## Source material

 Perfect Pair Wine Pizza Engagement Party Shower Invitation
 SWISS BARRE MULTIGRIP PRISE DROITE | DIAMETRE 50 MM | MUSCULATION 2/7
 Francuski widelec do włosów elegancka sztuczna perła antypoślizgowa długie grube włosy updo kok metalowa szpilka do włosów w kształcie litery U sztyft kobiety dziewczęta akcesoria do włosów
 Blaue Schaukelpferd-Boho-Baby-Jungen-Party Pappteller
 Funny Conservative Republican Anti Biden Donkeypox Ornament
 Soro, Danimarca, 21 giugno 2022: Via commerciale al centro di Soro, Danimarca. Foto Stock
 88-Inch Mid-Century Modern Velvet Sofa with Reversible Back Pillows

## Exercise
Give back every line above, unchanged.

## Answer
 Perfect Pair Wine Pizza Engagement Party Shower Invitation
 SWISS BARRE MULTIGRIP PRISE DROITE | DIAMETRE 50 MM | MUSCULATION 2/7
 Francuski widelec do włosów elegancka sztuczna perła antypoślizgowa długie grube włosy updo kok metalowa szpilka do włosów w kształcie litery U sztyft kobiety dziewczęta akcesoria do włosów
 Blaue Schaukelpferd-Boho-Baby-Jungen-Party Pappteller
 Funny Conservative Republican Anti Biden Donkeypox Ornament
 Soro, Danimarca, 21 giugno 2022: Via commerciale al centro di Soro, Danimarca. Foto Stock
 88-Inch Mid-Century Modern Velvet Sofa with Reversible Back Pillows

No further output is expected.